Je ne reviens pas sur tout ce qui a été dit, qui est tout à fait juste. Je ne vais pas insister sur la question des référendums. Je précise d’ailleurs que ce qu’on a fait en Irlande a été encore plus pervers qu’en France, puisqu’en 2008 les Irlandais avaient rejeté par référendum le traité de Lisbonne, et la réponse des dirigeants a été : « on s’en fout, vous revoterez l’année prochaine et on refera un référendum jusqu’à ce que vous disiez oui ».

C’est ça la démocratie que nous, nous appelons démocratie bourgeoise, et qui en fait est exactement le contraire de la démocratie, que nous nous souhaitons populaire.
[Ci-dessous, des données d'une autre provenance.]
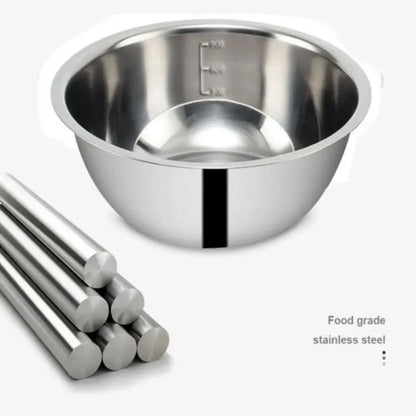 5pcs/Set Stainless Steel Mixing Bowls Non Slip Nesting Bowls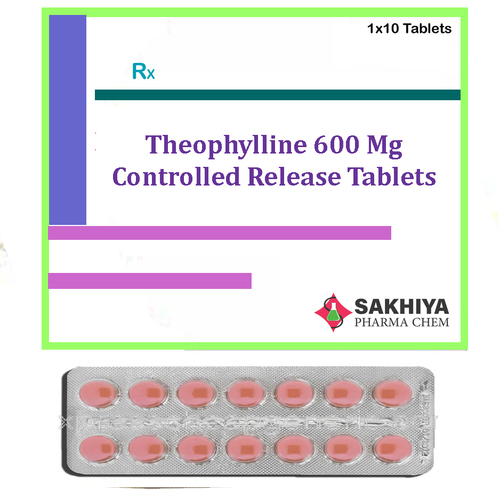 Theophylline 600Mg Controlled Release Tablets General Medicines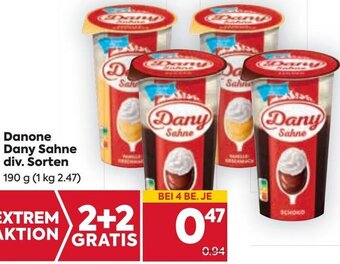 Billa Danone Dany Sahne div. Sorten 190 g Angebot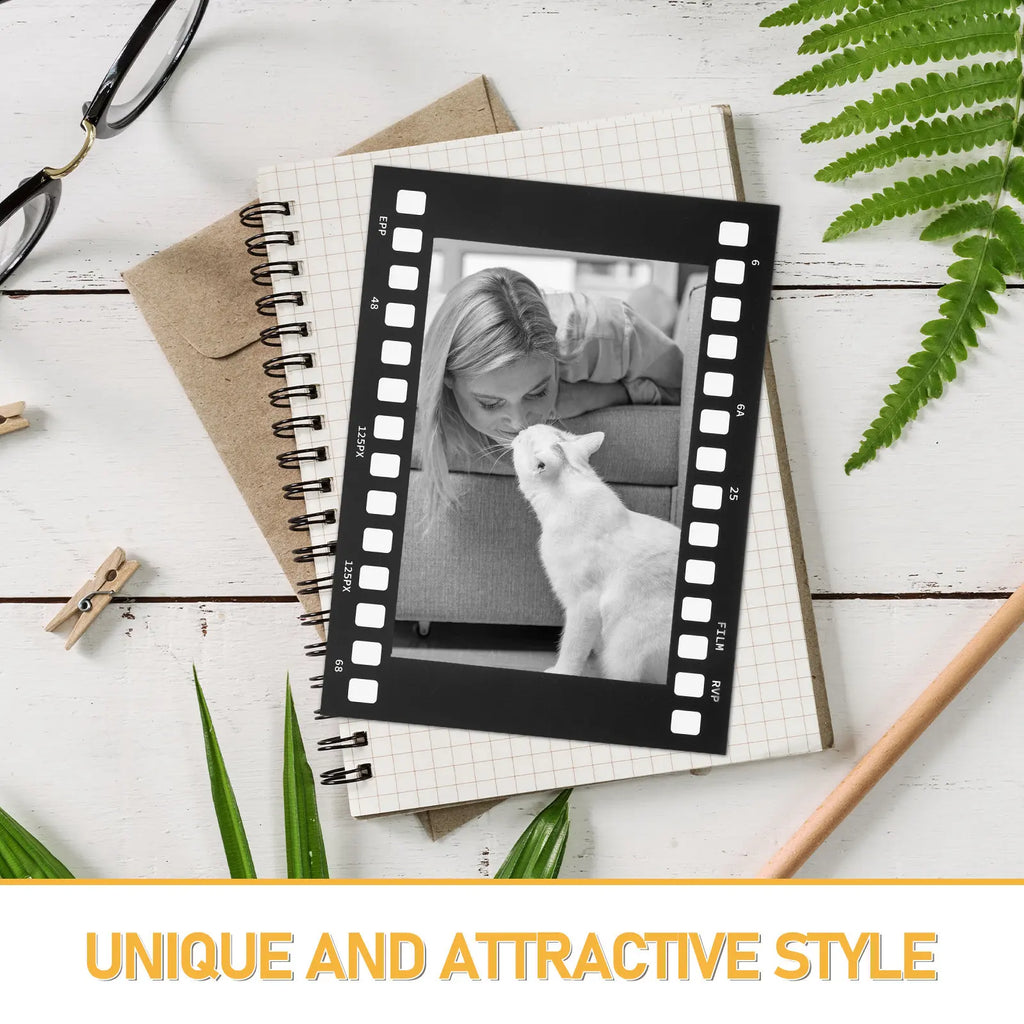 10Pcs Retro Film Strip Picture Frames Lightweight Paper Photo Frames for Wall Art Collage Vintage Style Photo Holder Frame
Le terme de souveraineté est fondamental. Il est théorisé notamment par Jean-Jacques Rousseau, et j’insiste sur lui parce que c’est justement lui qui va être qualifié ensuite progressivement, ainsi que Robespierre qui s’en inspire beaucoup, Saint-Just et par la suite les bolcheviks de Russie, de totalitaire. Il faut bien comprendre que ceux que nous affrontons sont surtout des oligarques, pas seulement des aristocrates même s’il y en a. Des oligarques qui se sont emparés du pouvoir, qui sont les propriétaires du pouvoir – c’est comme ça qu’ils se pensent – qui sont propriétaires du pouvoir et estiment dès lors qu’ils sont les seuls en mesure d’exercer le pouvoir, parce que les autres sont incapables de le faire, la masse est stupide et incapable de le faire. Tout ça déjà été dit.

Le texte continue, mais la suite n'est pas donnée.